Doug Bandow, a contributor to Forbes.com, illustrated a variety of ways that our government is wasting money:
“The Department of State used $306,000 to bring European college students to America to learn civic activism” (we need an exchange program for this one).
“Columbia University collected $606,000 for a study of online dating” (perverts).
“The federal government cut a check for $550,000 to underwrite a documentary on the impact of rock and roll on the collapse of communism” (hell, if that worked, I can think of another government at whom we could sling our guitars).
“A federal grant for $765,828 went to [. . .] bring an International House of Pancakes franchise to Washington, D.C.” (this requires no punch line).
Instead of wasting millions of dollars (which quickly adds up to billions) on discretionary and frivolous spending, why don’t you try balancing the budget (we call it penny pinching in the real world) without passing the buck(s) to the rest of us, asking us to pay for your ill-considered spending?
Instead of pointing fingers at one another, ask yourself what good you have done recently for your constituents and for your country that didn’t somehow benefit you.
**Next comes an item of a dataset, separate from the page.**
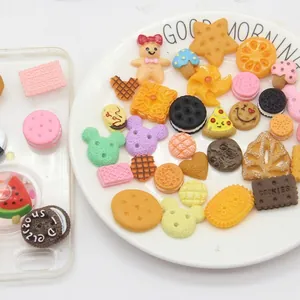 Assorted DIY resin charms featuring cookie and Mickey shapes for phone case decoration
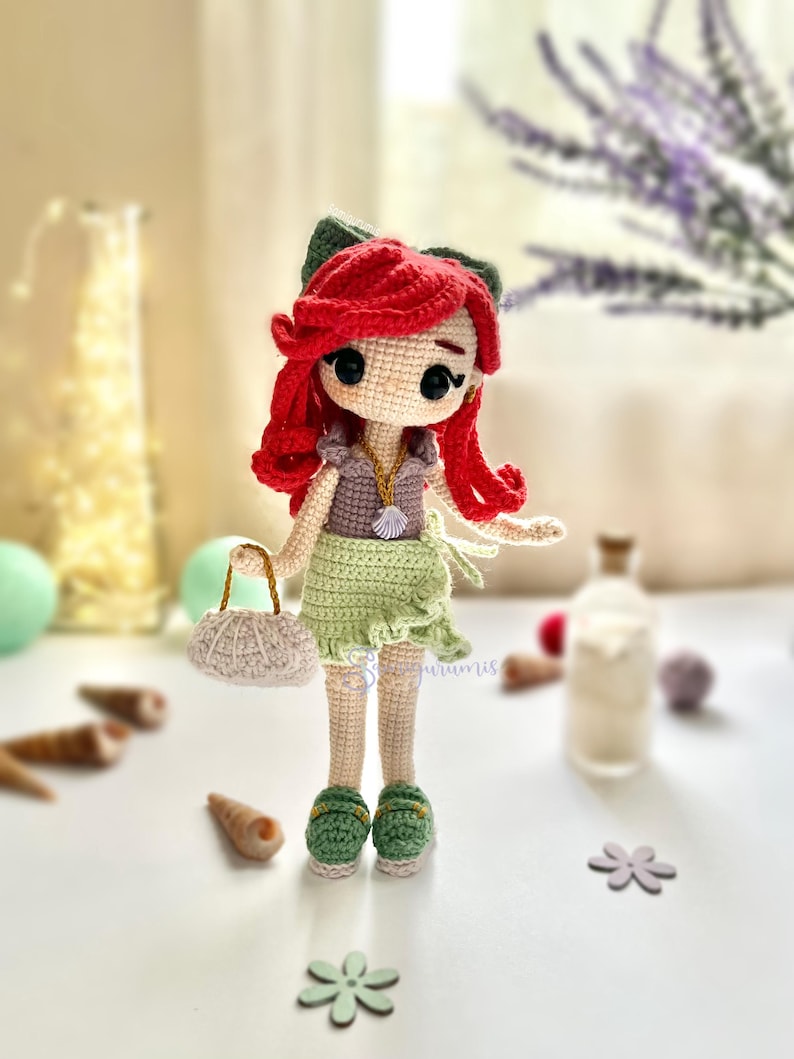 May include: A handmade crochet doll with red hair, a green bow, and a green skirt. The doll is wearing a purple top and green shoes. It is holding a small white purse with a gold handle. The doll is standing on a white surface.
Instead of chiding or punishing the poorest of Americans (by eliminating support programs) who you believe have made poor decisions that have lead them to fiscal ruin, clean up your own act and demand the same from government employees who are sending billions of dollars in improper payments and overpayments out the door.
We cannot be the only ones sick and tired of the endless bickering that occurs on Capitol Hill. The only time our representatives take a break from throwing stones at one another is when they need time to rebuild their forts, preparing for yet another election year. While our elected representatives engage in yet another pissing contest, the working men and women whom they are elected to serve (those fortunate enough to still have jobs, that is), further struggle to make ends meet in the land of the American nightmare that is politics as usual.
by David T. Bruce
Many analysts and columnists are insisting that the economy is getting better. The state of the economy is a relative condition, however, as over 12 million Americans remain unemployed, with long-term unemployed men and women accounting for 38 percent of that number. At any rate, this perceived economic recovery has prompted President Obama to offer up an increase in the federal minimum wage over the next two years.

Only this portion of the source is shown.